While Sproul noted all of their events are high-energy, regardless of the laws of the respective states, this expo will be especially celebratory.
“Marriage equality is now a reality for LGBT couples in Pennsylvania. It is really important if couples are planning a wedding [to attend] because we won’t be back in the state for a while and we will have all these wonderful LGBT-friendly wedding and travel professionals that can assist them in planning their special day.”
Despite the marriage-equality win, not all vendors, or other wedding expos, are LGBT-friendly, Sproul said.

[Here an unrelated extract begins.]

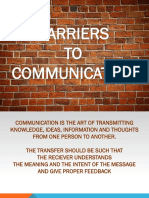 Barriers To Communication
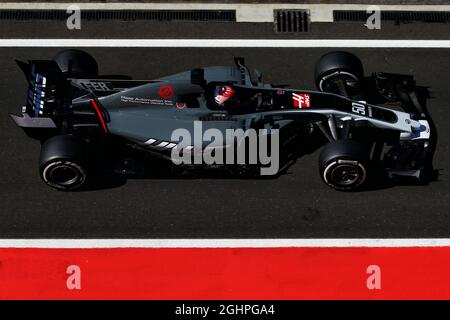 Santino Ferrucci (Etats-Unis) pilote de développement Haas VF-17. 01.08.2017. Test de formule 1, Budapest, Hongrie. Le crédit photo doit être lu : images XPB/Press Association. Banque D'Images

“The thing we do so well is that couples even in wonderful areas like Philadelphia are still nervous going to straight bridal fairs,” she said. “They walk in and if it is two women, sometimes vendors assume or ask which one is the bride,” she said. “Ten years from now we will still be a necessity, even in progressive areas. We want to give that sense of walking into a room filled with businesses that are excited for them.”